Information given.
-- Opening Marker --
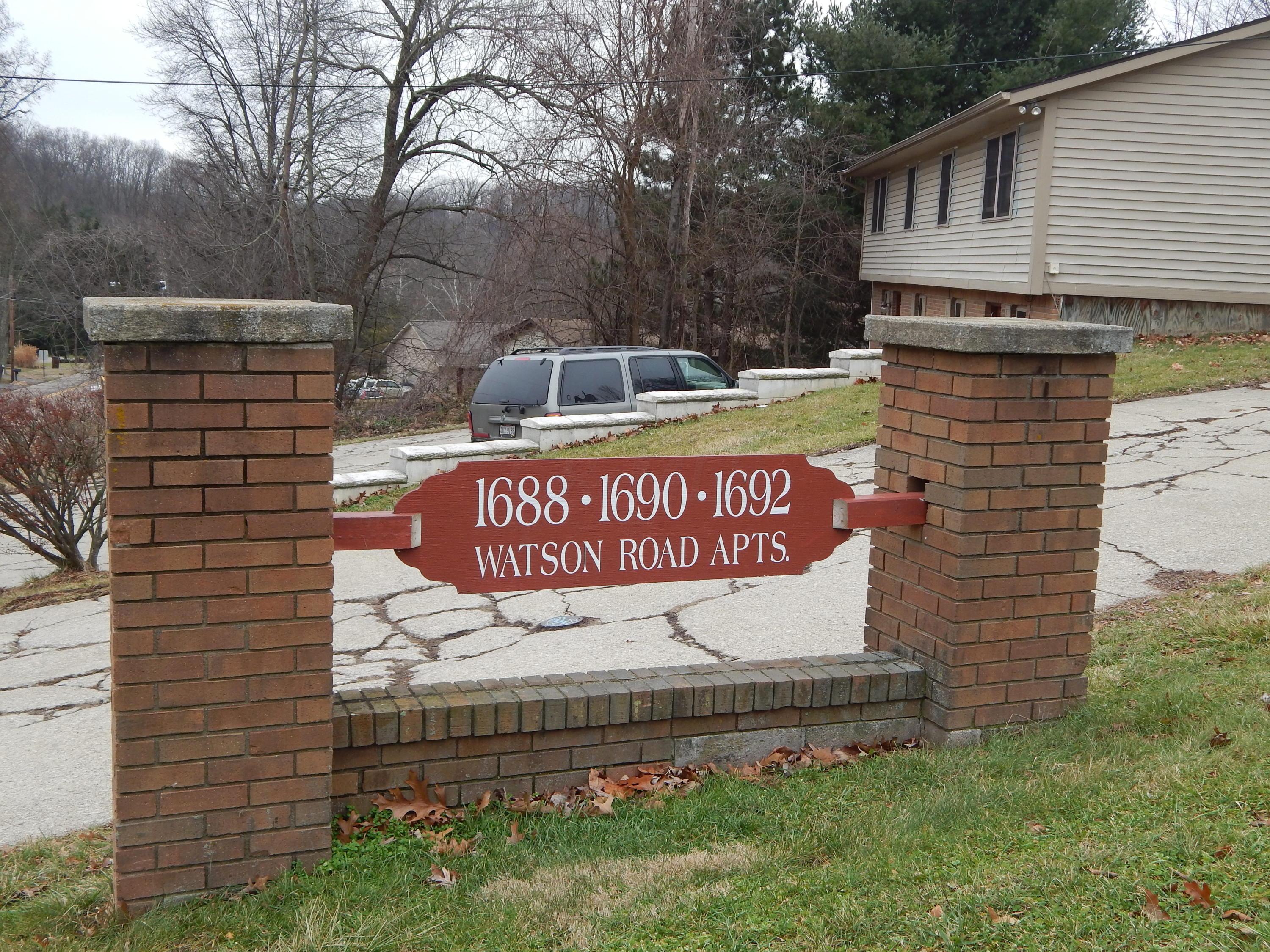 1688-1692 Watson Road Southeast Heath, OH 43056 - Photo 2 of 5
-- Closing Marker --
-- Opening Marker --
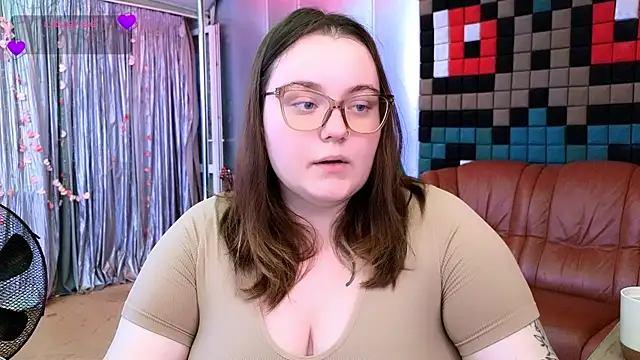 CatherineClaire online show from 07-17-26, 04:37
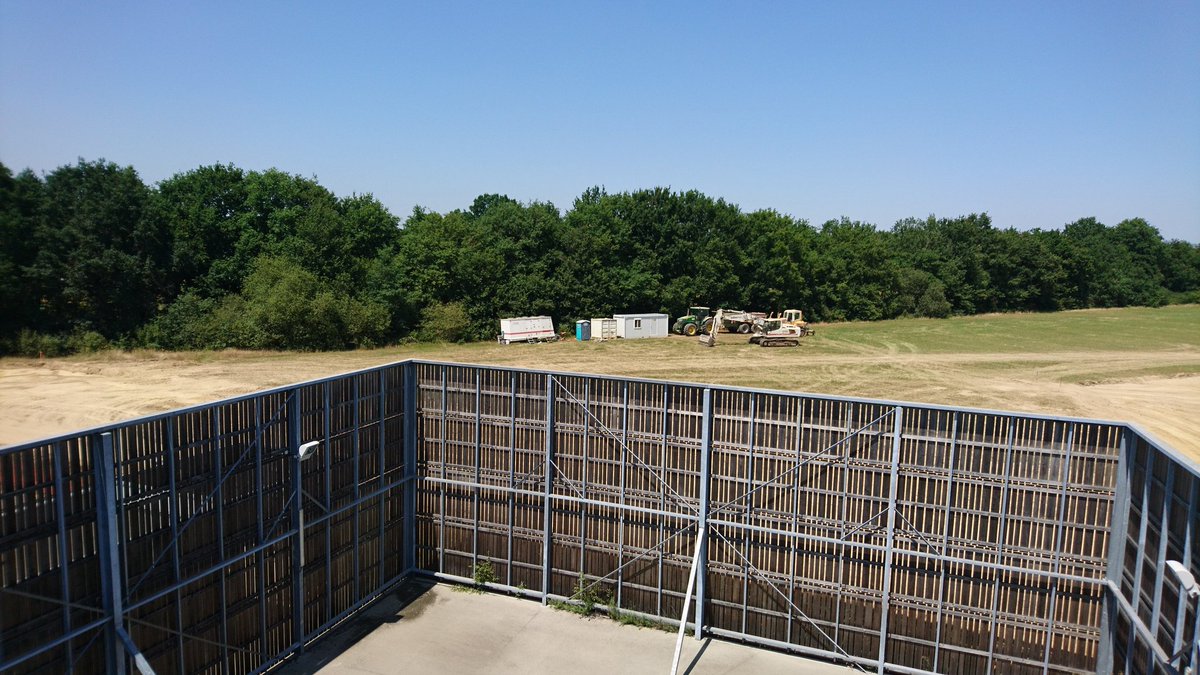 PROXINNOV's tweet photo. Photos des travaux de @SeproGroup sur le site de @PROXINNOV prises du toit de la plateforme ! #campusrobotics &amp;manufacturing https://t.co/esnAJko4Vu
-- Closing Marker --
-- Opening Marker --
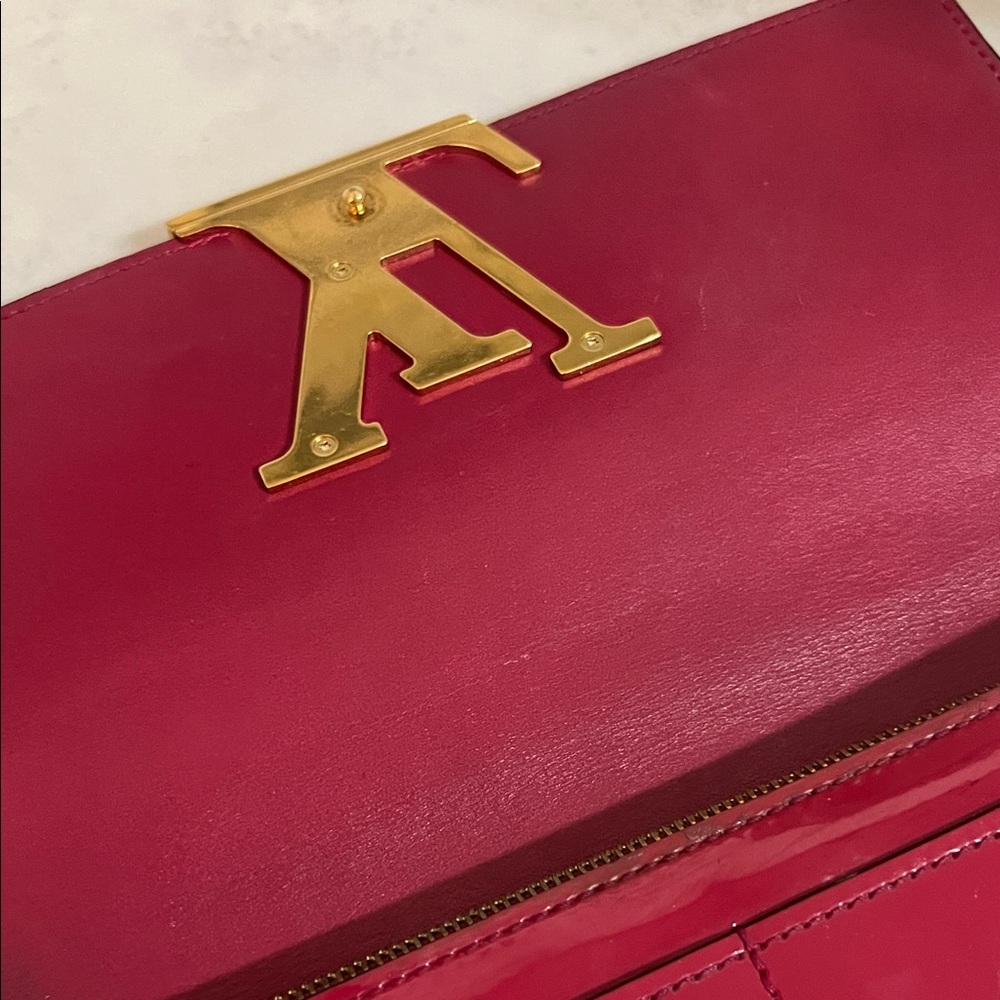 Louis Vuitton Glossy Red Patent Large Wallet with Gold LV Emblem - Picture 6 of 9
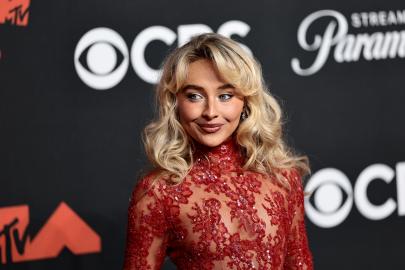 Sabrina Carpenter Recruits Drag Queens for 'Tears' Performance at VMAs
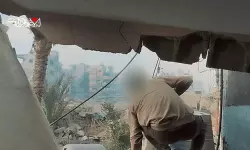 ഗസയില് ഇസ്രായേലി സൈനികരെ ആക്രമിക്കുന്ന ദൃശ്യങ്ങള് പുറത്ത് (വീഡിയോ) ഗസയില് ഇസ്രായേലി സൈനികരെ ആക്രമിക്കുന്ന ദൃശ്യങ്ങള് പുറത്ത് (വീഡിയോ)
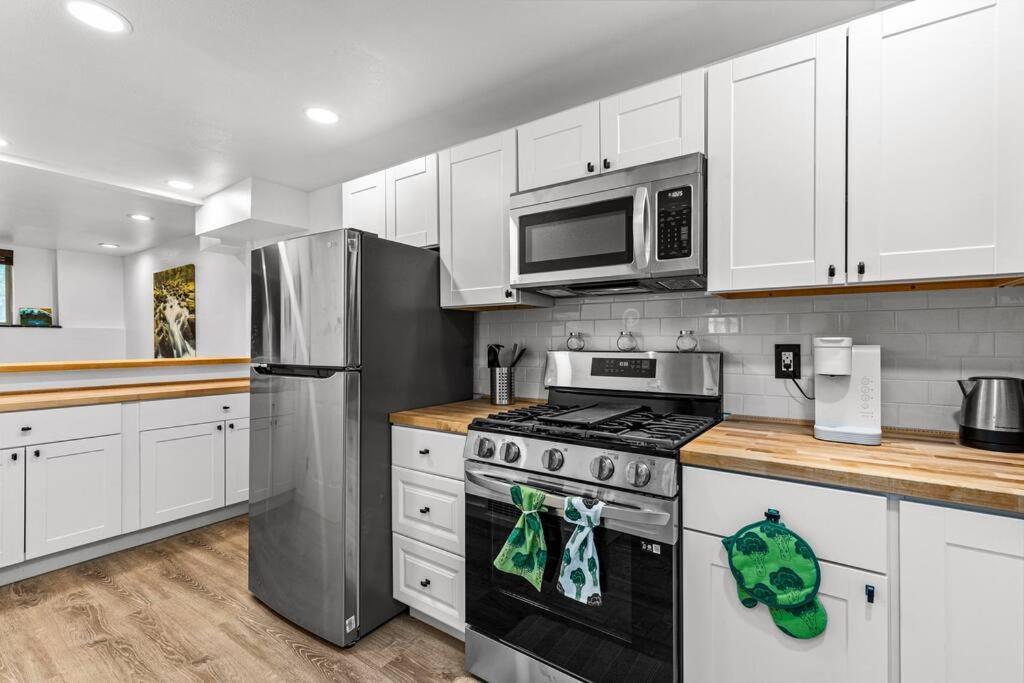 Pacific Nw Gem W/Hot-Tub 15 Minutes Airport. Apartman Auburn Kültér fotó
-- Closing Marker --
Exercise description. In the records above, find the line with "പുറത്ത് (വീഡിയോ) ഗസയില്". Print exactly from there through the line with "Pacific Nw Gem", minus the pictures.

Your solution.
 ഗസയില് ഇസ്രായേലി സൈനികരെ ആക്രമിക്കുന്ന ദൃശ്യങ്ങള് പുറത്ത് (വീഡിയോ) ഗസയില് ഇസ്രായേലി സൈനികരെ ആക്രമിക്കുന്ന ദൃശ്യങ്ങള് പുറത്ത് (വീഡിയോ)
 Pacific Nw Gem W/Hot-Tub 15 Minutes Airport. Apartman Auburn Kültér fotó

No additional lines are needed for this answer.